Jerry Carter: Notes on the end of another summer wood bat season

baseball
(© Sean Gladwell – stock.adobe.com)

The Valley Baseball League and the Appalachian League are separated by just over 100 miles at their closest clubs on Interstate 81. Those clubs would be Staunton (VBL) and Pulaski (Appy) for the Rand McNally fans out there.

Prior to the combination of the COVID pandemic and Major League Baseball trying to realign its farm system, the two long-standing leagues had very little in common other than sharing real estate in our beautiful Commonwealth. My, how things have changed in a very short period of time.

The 10 teams in the Appalachian League were left on the outside looking in after the realignment and suddenly were shifting their operations to a summer wood bat league with the biggest difference being the new project came with USA Baseball financial backing.

Another difference between the two leagues is that the Appy is open to players that have completed their freshman and sophomore seasons versus the leagues that welcome players after their junior campaign.

Tonight’s typing is being done on the campus of Tusculum University just outside Greeneville, Tenn., as the initial season of summer ball for the Happy Appy, as it’s known to many, concludes with a winner-take-all championship game between visiting Pulaski and the homestanding Greeneville Flyboys.

Pulaski clinched the highly competitive Eastern Division over the Princeton WhistlePigs on the next to the last night of the season to earn the trek across the Tennessee state line to face the Western Division champions. The Flyboys played a few less games than the River Turtles due to an midseason issue with the Kingsport Axes, and their higher winning percentage earned the team the right to host the inaugural championship game.

Fans and leaders of the Valley Baseball League might want to pay a little more attention to their neighbors to the South now, as the two groups have switched from apples and oranges to just apples and the southern apples, bigger farmers tending to the crops, if you will.

USA Baseball swings a mighty big bat, pun intended, and there are many ways the Appy operates that might could help the VBL, if they could be duplicated. Not every single idea is a game changer, but quite a few could make a difference between success and failure for clubs struggling with the day-to-day grind of hosting summer baseball.

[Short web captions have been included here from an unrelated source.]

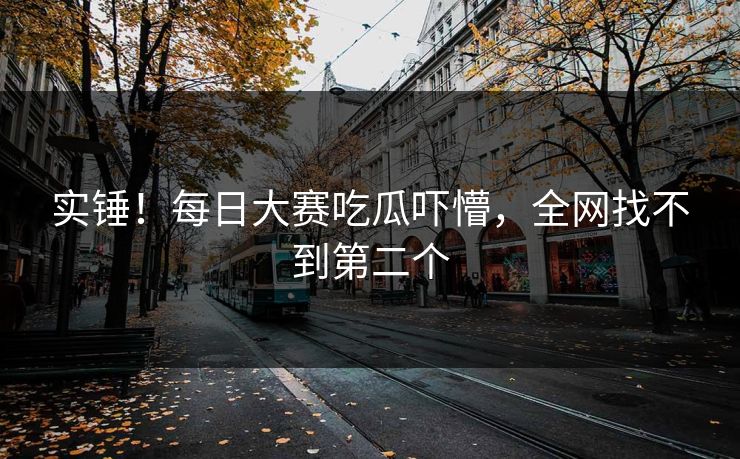 实锤！每日大赛吃瓜吓懵，全网找不到第二个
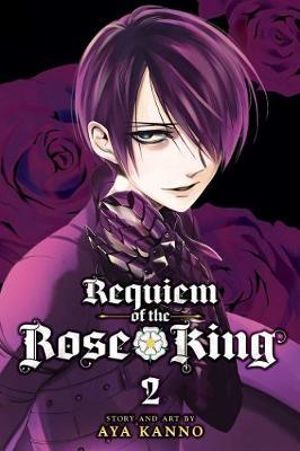 Requiem of the Rose King, Vol. 2 : Requiem of the Rose King - Aya Kanno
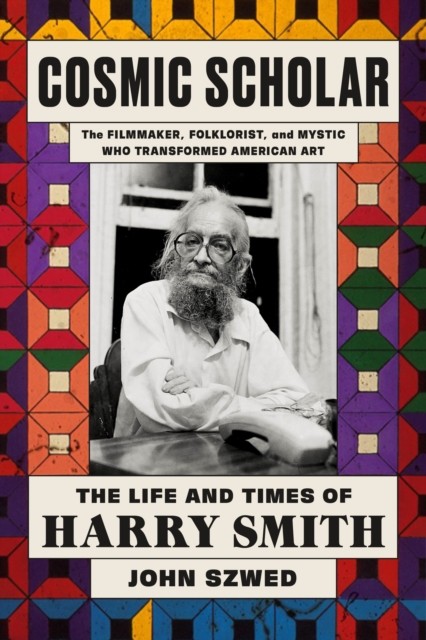 Cosmic Scholar by John Szwed HARDBACK 9780374282240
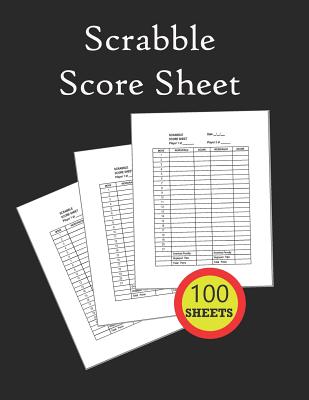 Scrabble Score Sheet: 100 pages scrabble game word building for 2 players scrabble books for adults, Dictionary, Puzzles Games, Scrabble Sco - Charita Dami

Let’s start with the format that has me in the greater Greeneville area tonight. By having each team play all the way through the entire schedule and then taking one night off before hosting an everything on the line game, it gives you a multitude of bonuses.

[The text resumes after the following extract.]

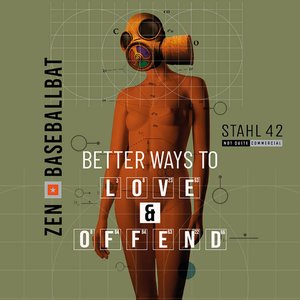 Better Ways To Love & Offend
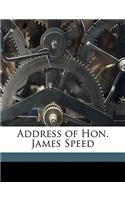 Address of Hon. James Speed Volume 1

First, it gives every team the opportunity to play for two extra weeks. Yes, you might lose out on some playoff baseball gates under this format, but it gives the lesser teams all of the home gates possible.

Second, it gives players, families, host families, hard-working volunteers and college coaches an exact finish date. This season the players from Covington (COVID), Purcellville and Front Royal had their seasons end much sooner than the four teams that were eliminated in the opening round (Charlottesville, Harrisonburg, Woodstock and New Market). The revolving exit door swung open a third time after Strasburg eliminated Winchester and Waynesboro extinguished the hopes of Staunton in the semis.

Strasburg and Waynesboro battled all the way to the finish line before the Express claimed the championship. Four different departure dates for everyone involved creates a number of logistic issues across the board.

The atmosphere here tonight for the players on both teams is rather impressive in that every player on both teams has been standing on the top step of the dugout from the first pitch. It also gives the league one night to shine and celebrate the regular season. Club officials from around the league can bask in the moment of crossing the finish line together.

Yes, New Market, for example would have lost one playoff gate, but could have enjoyed five more home gates in its place. When the various teams are asking the incredibly dedicated host families to open their homes, they can be given a date that their visitors will be departing.

Another tool that is being used in the Appy is that Bluefield and Princeton, separated by a dozen miles, are allowing their season ticket holders to use their passes at both ballparks. So if the Ridge Runners are on the road on a Friday night, and you still want to catch some baseball, you can head over to the neighbor’s park and get your fill without it costing you anything other than gasoline.

The third noticeable difference with the Appy is that one group is responsible for running the teams clustered just below the Virginia/Tennessee state line. Not sure if this one would fit the bill in the VBL, but it sure gives you a comfortable feeling in that tough decisions would be easier to make with less people trying to protect their own interests.

Pulaski wanted as many of its fans to attend the game as possible tonight, so the team chartered a bus for any fans that wanted to catch the game without having to make the drive down the highway. They are seated in the best seats in the stadium, directly behind home plate. The cost that was charged for the trip was $20, and that included the cost of the prime seats. Quite the bargain price for the loyal fans that came down for the contest.

Greeneville just plated two runs on a flare to right field to tie the game at 6-6, setting up an exciting finish as the clock strikes 9 p.m. Both the visiting fans and the ones rooting for the Flyboys are getting their money’s worth this evening. Night has fallen, and the stadium lights are in full effect at the top of the seventh inning of an exciting ballgame.

The Appy is filled with an amazing history, as is the VBL, and I feel pretty strong about their longevity with the backing they have in place, so let’s embrace our new neighbors, take good notes and do whatever it takes to schedule an interleague All-Star contest.